§ **Exercise**
After locating the line with "Wine Hangover Recovery" in the data that follows, return it and every later line exactly, up to and including the line with "Das Bild zeigt".

━━━━━ Extracted data

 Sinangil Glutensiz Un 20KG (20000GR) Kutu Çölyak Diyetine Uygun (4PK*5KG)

━━━━━━━━━━
━━━━━ Extracted data

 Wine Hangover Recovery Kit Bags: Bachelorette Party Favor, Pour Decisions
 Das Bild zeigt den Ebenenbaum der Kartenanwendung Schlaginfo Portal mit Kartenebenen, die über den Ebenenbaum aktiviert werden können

━━━━━━━━━━

§ **Solution for this exercise**
 Wine Hangover Recovery Kit Bags: Bachelorette Party Favor, Pour Decisions
 Das Bild zeigt den Ebenenbaum der Kartenanwendung Schlaginfo Portal mit Kartenebenen, die über den Ebenenbaum aktiviert werden können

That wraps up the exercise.